А между тем именно теперь наши отношения натянуты!..

Я думаю, что около Вас есть уже довольно много людей, которые беспрерывно занимаются тем, что отравляют наши отношения. Сохрани бог — я не намекаю на Марью Петровну[940]. {398} Напротив, я уверен, что она в крепости наших отношений видит для Вас пользу. Эти люди — в театре. И делается это без злого умысла, но тут фразочка, там другая, завтра третья — глядишь, доверие и подточено. А есть пример — мне не хочется называть, — когда человек даже прямо умышленно отравляет отношения. Мне начинает казаться, что ему, этому господину, выгодно, чтобы мы не были слишком близки. При нашей полной близости и доверии друг к другу он всегда терял[941].

Возвращаюсь к исканию причин перемены Вашего отношения.

Закончили мы сезон благополучно. Жертвы пошли недаром. Мы сумели обеспечить существование театра.

Но тут что-то случилось. Ваше настроение относительно меня заволакивается туманом.

Вдумываясь в то, какой Вы были в последние два месяца, я нахожу Вас как будто сбросившим с себя все оковы. В течение 4 – 5 лет Вы как бы согласились на разные ограничения Вашего художественного темперамента. Вы как бы поверили в мой разум и позволили этому разуму держать Ваш темперамент в контроле, ради истинного успеха дела. Вы видели на опыте, что ничем не сдерживаемый темперамент Ваш губит лучшие перлы Вашего таланта. Предоставленный одному себе, Вы одной рукой создаете, а другой разрушаете. Не было ни одной постановки, включая сюда даже «Три сестры», которая не рисковала бы пройти бесследно, если бы не вмешательство моего — не только литературного, но именно художественного — контроля. Вы меня простите, что я это говорю. Но я считаю данный момент, данные наши отношения положительно чрезвычайно важными.

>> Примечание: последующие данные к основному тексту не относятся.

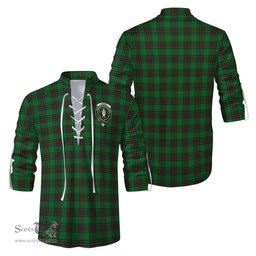 ScotsTee Shop Scottish Logie Clan Crest Tartan Mens Scottish Jacobite Ghillie Casual Shirt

Идеалов нет. И самый большой талант — не идеал. И Пушкин и Толстой не идеалы. И Вы не идеал. В Вашем темпераменте есть что-то враждебное Вашему же таланту. Вы часто делаете совершенно противоположное тому, что Вам хочется делать, и, наоборот, Вам часто хочется делать противоположное тому, куда клонит Ваш талант. В обоих случаях Вы этого не замечаете, но по упрямству, деспотизму или капризу настаиваете на том, что ложно. Быть около Вас тем, чем я был {399} в течение пяти лет, — величайший и неблагодарнейший труд. Труд бесславный, но требующий вдумчивости и самой тонкой деликатности и чуткости. Понимали Вы это или нет, сознательно или просто по доверию, но Вы признали необходимость этого «контроля художественного разума», — если можно так выразиться.